RE:site = Shane Allbritton and Norman Lee
Shane Allbritton’s personal and collaborative work is often a response to an ethos of place and memory. As a visual storyteller and mixed-media artist, she is deeply inspired by consultations with survivors, heroes, activists, and historians. Shane has dedicated nearly two decades expressing cultural stories through art and design.
RE:site’s body of work includes monuments, commemoratives, suspended artwork, interactive play structures for playgrounds, light sculptures, and technology-based work. They create public art, memorials, and commemorative spaces that connect past and present by inviting the public to share in experiential moments, prompting collaborative viewership, curiosity, discovery, and dialogue.
As co-founders of RE:site, Shane and Norman explore notions of community, identity, and narrative in the context of public space. Drawing on a site’s cultural landscape, they create work that resonates with local or historical meaning, making unseen connections between themes and ideas. Their practice combines divergent aesthetic with interpretive design and fine art backgrounds.

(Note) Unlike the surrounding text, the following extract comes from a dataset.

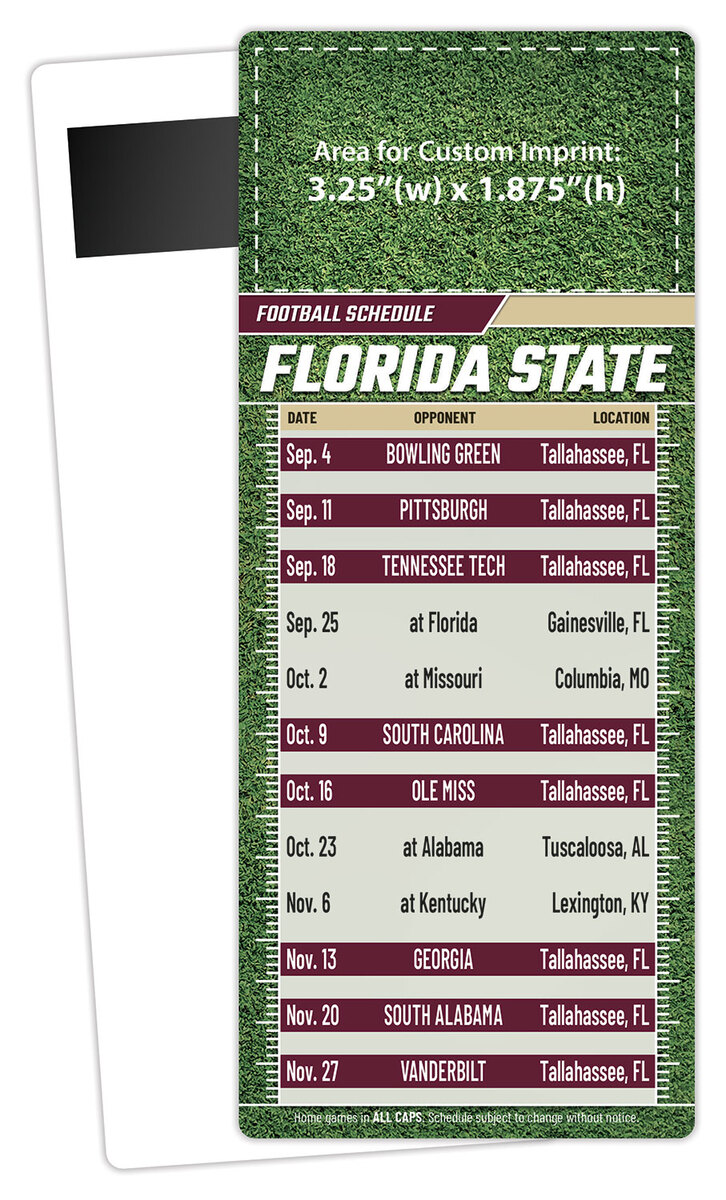 Football Schedule Laminated Card/Postcard with Magnet Strip 3.5x8.5 - 14 pt.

Shane and Norman are passionate about helping communities honor difficult histories and recover the voices of those who struggled for justice, freedom and human dignity. They often engage the community as part of the creative process through workshops, interviews, and oral histories. They take a multidisciplinary approach to site-specific projects by working with experts from various fields and using diverse materials, styles, and modalities.